We adopted the GPU (graphics processing unit) to accelerate the large-scale finite-difference simulation of seismic wave propagation. The simulation can benefit from the high-memory bandwidth of GPU because it is a “memory intensive” problem. In a single-GPU case we achieved a performance of about 56 GFlops, which was about 45-fold faster than that achieved by a single core of the host central processing unit (CPU). We confirmed that the optimized use of fast shared memory and registers were essential for performance. In the multi-GPU case with three-dimensional domain decomposition, the non-contiguous memory alignment in the ghost zones was found to impose quite long time in data transfer between GPU and the host node. This problem was solved by using contiguous memory buffers for ghost zones. We achieved a performance of about 2.2 TFlops by using 120 GPUs and 330 GB of total memory: nearly (or more than) 2200 cores of host CPUs would be required to achieve the same performance. The weak scaling was nearly proportional to the number of GPUs. We therefore conclude that GPU computing for large-scale simulation of seismic wave propagation is a promising approach as a faster simulation is possible with reduced computational resources compared to CPUs.

Key words

  • Seismic wave propagation
  • finite-difference method
  • GPU
  • parallel computing
  • three-dimensional domain decomposition

1. Introduction

Simulation of seismic wave propagation is essential in modern seismology: the effects of irregular topography, irregular internal discontinuities, and internal heterogeneity on the seismic waveforms must be precisely modeled in order to probe the Earth’s and other planets’ interiors, to study earthquake sources, and to evaluate the strong ground motions due to earthquakes. Developing methods for large-scale, high-performance simulation is important because in real applications more than one billion grid points are required (e.g., Olsen et al., 2008; Furumura, 2009).

The GPU (graphics processing unit) is a remarkable device due to its multi-core architectures and high memory bandwidth (Fig. 1). The GPU delivers extremely high computing performance at a reduced power and cost compared to conventional central processing units (CPUs). Simulation of seismic wave propagation is a memory intensive problem which involves a large amount of data transfer between the memory and the arithmetic units, while the number of arithmetic computations is relatively small. Thus, the simulation can benefit from the high-memory bandwidth of the GPU, and several approaches to adopt GPU to the simulation have been proposed recently (e.g., Abdelkhalek et al., 2009; Aoi et al., 2009; Komatitsch et al., 2009, 2010; Micikevicius, 2009; Okamoto et al., 2009; Michéa and Komatitsch, 2010).
Fig. 1
Fig. 1

A simplified diagram of a GPU used in this study. A GPU has 30 multiprocessors, and each multiprocessor has eight processor cores (240 cores in total). The shared memory can be accessed from every core in a multiprocessor, while registers are local to each core. Several tens of registers are typically available for a thread. Latency of the shared memory is two orders of magnitude lower than that of global memory (Abdelkhalek et al., 2009; Micikevicius, 2009).

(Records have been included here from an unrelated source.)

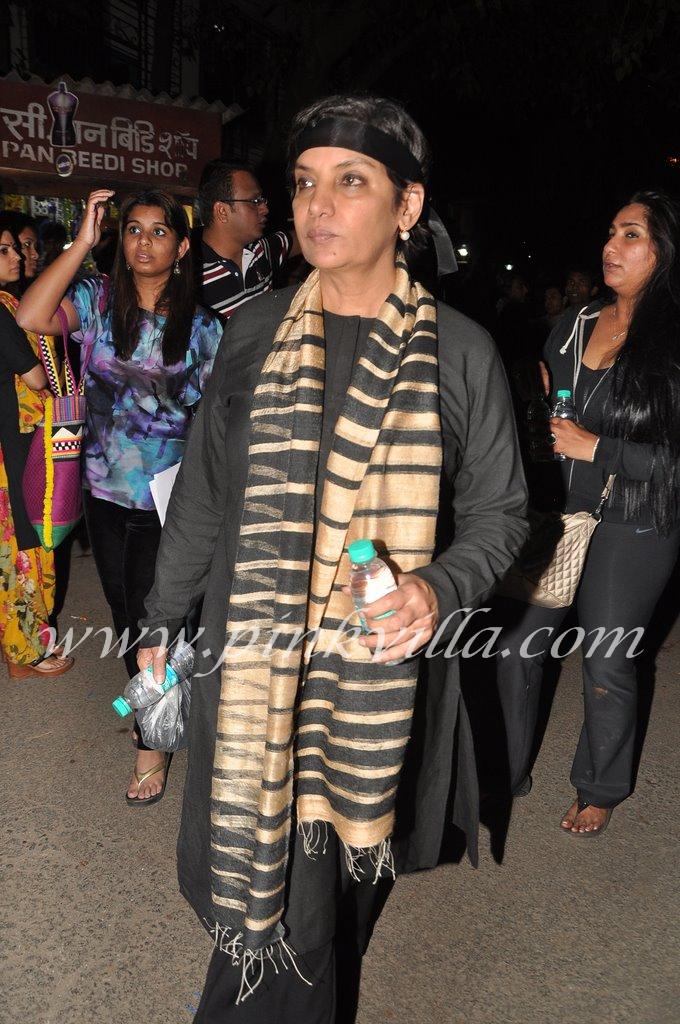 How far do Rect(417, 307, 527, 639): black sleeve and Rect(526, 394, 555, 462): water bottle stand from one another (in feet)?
4.11

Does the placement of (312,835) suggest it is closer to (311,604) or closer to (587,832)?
(311,604)

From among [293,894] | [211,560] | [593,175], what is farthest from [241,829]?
[593,175]

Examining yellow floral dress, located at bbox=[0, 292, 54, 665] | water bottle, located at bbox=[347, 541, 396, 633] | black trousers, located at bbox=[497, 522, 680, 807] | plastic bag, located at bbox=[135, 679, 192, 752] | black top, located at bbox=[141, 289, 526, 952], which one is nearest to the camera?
water bottle, located at bbox=[347, 541, 396, 633]

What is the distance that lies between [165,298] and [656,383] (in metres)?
1.85

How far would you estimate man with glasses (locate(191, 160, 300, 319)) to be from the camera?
4402 millimetres

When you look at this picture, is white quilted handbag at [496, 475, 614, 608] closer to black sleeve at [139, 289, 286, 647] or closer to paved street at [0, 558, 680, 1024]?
paved street at [0, 558, 680, 1024]

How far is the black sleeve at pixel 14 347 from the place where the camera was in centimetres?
410

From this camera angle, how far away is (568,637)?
17.0 feet

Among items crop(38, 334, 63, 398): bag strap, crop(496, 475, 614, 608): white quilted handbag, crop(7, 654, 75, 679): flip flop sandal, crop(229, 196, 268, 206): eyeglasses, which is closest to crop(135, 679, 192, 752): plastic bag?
crop(496, 475, 614, 608): white quilted handbag

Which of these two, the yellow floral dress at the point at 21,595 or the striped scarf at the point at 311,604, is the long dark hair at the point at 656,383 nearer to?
the striped scarf at the point at 311,604

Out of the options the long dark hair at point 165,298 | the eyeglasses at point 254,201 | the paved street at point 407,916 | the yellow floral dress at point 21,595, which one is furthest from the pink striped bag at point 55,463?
the eyeglasses at point 254,201

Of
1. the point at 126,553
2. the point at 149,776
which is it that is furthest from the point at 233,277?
the point at 149,776

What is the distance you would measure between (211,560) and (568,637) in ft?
11.3

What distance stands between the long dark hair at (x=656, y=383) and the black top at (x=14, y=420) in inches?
105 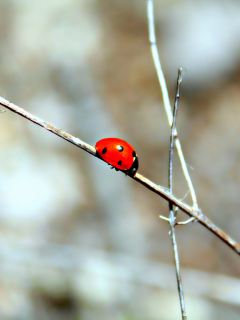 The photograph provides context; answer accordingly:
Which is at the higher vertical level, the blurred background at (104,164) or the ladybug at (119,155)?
the blurred background at (104,164)

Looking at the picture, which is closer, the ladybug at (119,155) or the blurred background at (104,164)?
the ladybug at (119,155)

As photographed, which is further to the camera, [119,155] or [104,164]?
[104,164]

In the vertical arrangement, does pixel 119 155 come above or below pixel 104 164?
below

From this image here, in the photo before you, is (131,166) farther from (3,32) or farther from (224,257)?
(3,32) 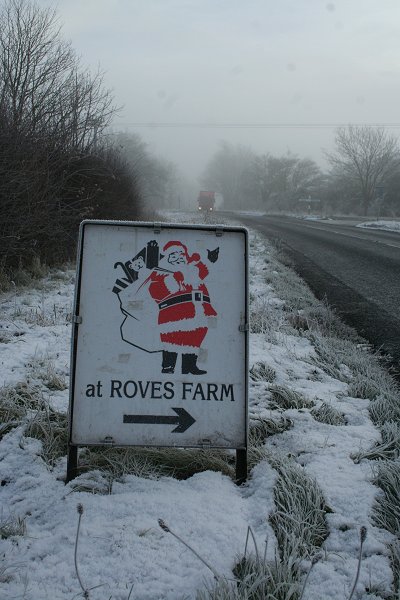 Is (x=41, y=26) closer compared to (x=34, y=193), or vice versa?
(x=34, y=193)

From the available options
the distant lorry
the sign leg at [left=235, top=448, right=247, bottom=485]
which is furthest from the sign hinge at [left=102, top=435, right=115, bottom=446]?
the distant lorry

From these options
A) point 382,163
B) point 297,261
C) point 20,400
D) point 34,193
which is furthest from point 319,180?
point 20,400

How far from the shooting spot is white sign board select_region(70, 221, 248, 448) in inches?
102

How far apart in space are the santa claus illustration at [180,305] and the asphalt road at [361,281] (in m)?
2.70

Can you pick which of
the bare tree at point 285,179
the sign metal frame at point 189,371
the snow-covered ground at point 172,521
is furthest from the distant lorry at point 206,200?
the sign metal frame at point 189,371

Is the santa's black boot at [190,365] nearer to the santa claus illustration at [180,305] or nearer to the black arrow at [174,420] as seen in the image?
the santa claus illustration at [180,305]

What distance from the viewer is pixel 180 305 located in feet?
8.63

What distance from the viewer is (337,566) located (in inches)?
79.3

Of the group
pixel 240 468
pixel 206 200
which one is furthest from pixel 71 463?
pixel 206 200

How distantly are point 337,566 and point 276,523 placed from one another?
336 millimetres

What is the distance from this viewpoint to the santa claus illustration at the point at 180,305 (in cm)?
262

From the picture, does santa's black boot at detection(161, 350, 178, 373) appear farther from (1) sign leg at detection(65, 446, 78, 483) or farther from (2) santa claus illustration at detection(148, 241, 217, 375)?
(1) sign leg at detection(65, 446, 78, 483)

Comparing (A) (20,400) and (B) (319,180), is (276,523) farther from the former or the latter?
(B) (319,180)

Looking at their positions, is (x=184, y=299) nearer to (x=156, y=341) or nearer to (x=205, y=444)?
(x=156, y=341) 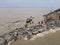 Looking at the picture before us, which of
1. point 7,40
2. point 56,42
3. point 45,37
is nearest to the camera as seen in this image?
point 56,42

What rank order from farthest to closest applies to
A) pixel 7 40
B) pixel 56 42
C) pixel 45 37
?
pixel 7 40
pixel 45 37
pixel 56 42

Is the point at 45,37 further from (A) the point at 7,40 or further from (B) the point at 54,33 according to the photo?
(A) the point at 7,40

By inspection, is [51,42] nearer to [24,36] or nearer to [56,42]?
[56,42]

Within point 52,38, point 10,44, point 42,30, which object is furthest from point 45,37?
point 10,44

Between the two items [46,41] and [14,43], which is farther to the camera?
[14,43]

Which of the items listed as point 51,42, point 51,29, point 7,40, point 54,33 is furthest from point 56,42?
point 7,40

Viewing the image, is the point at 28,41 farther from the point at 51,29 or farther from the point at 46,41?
the point at 51,29

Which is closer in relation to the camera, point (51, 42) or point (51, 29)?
point (51, 42) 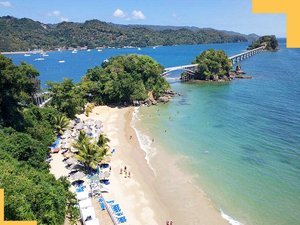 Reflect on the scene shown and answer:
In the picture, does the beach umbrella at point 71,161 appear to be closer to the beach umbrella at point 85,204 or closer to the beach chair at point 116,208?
the beach umbrella at point 85,204

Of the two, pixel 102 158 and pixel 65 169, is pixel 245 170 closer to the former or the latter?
pixel 102 158

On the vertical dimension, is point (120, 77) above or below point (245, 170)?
above

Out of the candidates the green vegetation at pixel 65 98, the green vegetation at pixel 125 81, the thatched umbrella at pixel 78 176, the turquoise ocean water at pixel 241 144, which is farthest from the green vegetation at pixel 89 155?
the green vegetation at pixel 125 81

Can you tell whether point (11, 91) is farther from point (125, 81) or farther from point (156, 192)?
point (125, 81)

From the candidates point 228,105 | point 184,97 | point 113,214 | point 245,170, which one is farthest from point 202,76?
point 113,214

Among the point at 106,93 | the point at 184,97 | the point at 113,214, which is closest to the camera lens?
the point at 113,214

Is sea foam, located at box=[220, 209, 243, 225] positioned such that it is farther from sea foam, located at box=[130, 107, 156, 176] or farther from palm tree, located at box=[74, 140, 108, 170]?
palm tree, located at box=[74, 140, 108, 170]

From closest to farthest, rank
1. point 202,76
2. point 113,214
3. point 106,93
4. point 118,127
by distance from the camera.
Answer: point 113,214, point 118,127, point 106,93, point 202,76

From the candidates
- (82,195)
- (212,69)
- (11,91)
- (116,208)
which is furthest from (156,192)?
(212,69) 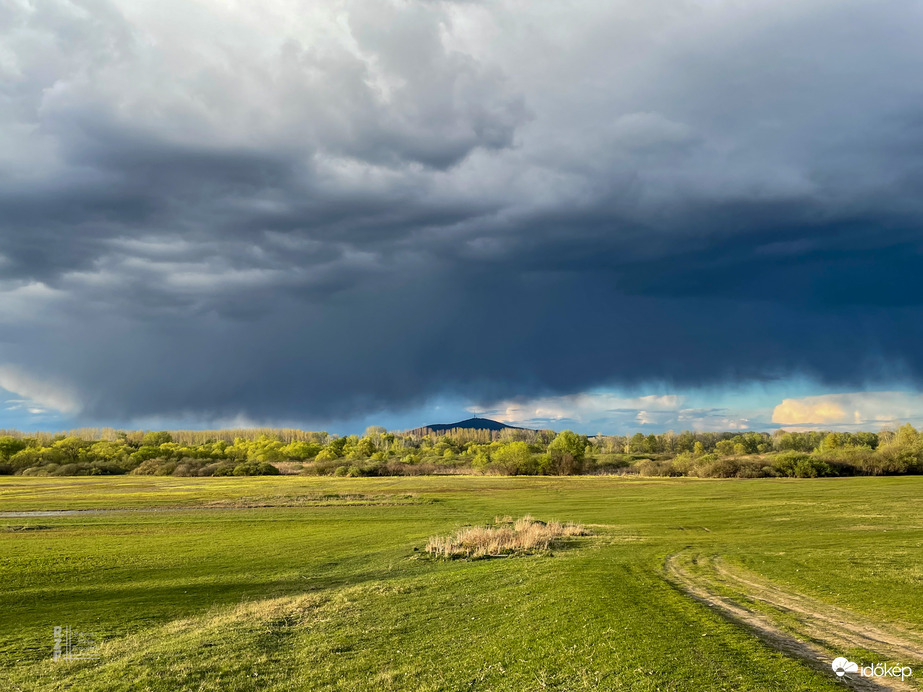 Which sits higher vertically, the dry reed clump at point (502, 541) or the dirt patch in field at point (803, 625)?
the dirt patch in field at point (803, 625)

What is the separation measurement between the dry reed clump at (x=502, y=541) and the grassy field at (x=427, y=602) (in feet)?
4.81

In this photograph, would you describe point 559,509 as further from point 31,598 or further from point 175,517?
point 31,598

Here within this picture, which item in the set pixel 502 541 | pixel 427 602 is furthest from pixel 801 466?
pixel 427 602

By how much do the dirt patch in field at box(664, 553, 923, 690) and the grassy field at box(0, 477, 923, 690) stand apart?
0.86 feet

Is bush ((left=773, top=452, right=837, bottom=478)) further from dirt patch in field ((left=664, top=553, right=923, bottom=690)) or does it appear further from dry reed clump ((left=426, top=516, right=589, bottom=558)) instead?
dirt patch in field ((left=664, top=553, right=923, bottom=690))

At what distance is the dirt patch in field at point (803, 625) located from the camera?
480 inches

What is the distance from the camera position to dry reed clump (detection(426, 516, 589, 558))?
103 ft

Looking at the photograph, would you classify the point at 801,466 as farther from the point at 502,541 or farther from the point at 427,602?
the point at 427,602

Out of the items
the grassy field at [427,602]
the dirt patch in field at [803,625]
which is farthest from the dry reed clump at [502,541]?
the dirt patch in field at [803,625]

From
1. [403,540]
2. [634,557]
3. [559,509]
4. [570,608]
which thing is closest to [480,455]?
[559,509]

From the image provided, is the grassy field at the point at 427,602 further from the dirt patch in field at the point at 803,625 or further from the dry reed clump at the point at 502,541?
the dry reed clump at the point at 502,541

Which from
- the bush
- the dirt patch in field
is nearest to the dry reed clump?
the dirt patch in field

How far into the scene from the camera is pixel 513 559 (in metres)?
28.4

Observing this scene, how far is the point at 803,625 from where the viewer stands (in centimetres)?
1488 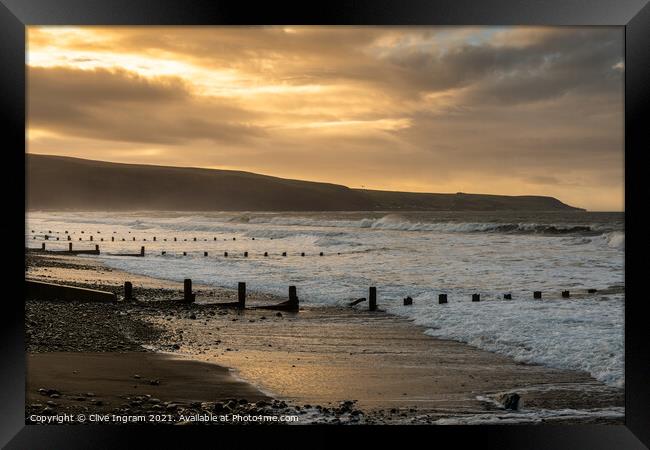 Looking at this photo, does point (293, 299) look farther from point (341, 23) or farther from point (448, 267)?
point (448, 267)

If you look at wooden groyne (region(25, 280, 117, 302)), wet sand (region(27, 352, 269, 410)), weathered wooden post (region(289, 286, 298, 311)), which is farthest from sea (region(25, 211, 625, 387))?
wooden groyne (region(25, 280, 117, 302))

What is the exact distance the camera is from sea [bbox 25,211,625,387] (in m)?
7.51

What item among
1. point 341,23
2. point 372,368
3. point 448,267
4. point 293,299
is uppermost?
point 341,23

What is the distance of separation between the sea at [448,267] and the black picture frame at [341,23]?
1026 mm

We describe here our approach to adopt GPU computing to the large-scale simulation of seismic wave propagation based on the finite-difference method (FDM). First, we discuss the implementation of the core part of the simulation for the single-GPU case. Second, we discuss the multi-GPU case in order to treat large-scale problems.

2. Single-GPU Case

We apply the time-domain, staggered-grid, three-dimensional (3D) finite-difference scheme (e.g., Graves, 1996). The field variables are particle velocity \({\upsilon _i}\): three components) and stress \({\tau _{ij}}\): six components). Assuming isotropic and elastic material, we need three material parameters (Lamé coefficients and density). Thus, twelve variables are assigned to a unit cell (i.e., a heterogeneous formulation: Fig. 2(a)). The precision of finite-difference is fourth-order in space and second-order in time. We apply a free-surface condition at the top boundary, the absorbing boundary condition (Cerjan et al., 1985) near the side and the bottom boundaries, and the A1 absorbing condition (Clayton and Engquist, 1977) at the bottom. A periodic condition is imposed on the side boundaries. A homogeneous half-space and an isotropic source are used for all calculations performed and reported in this paper.
Fig. 2
Fig. 2

(a) Schematic illustration of the unit cell. (b) Example of 2D block assigned to the shared memory. The blocksize is 16 × 16 (red). For fourth order finite-difference, two ghost points are also required to be assigned (blue).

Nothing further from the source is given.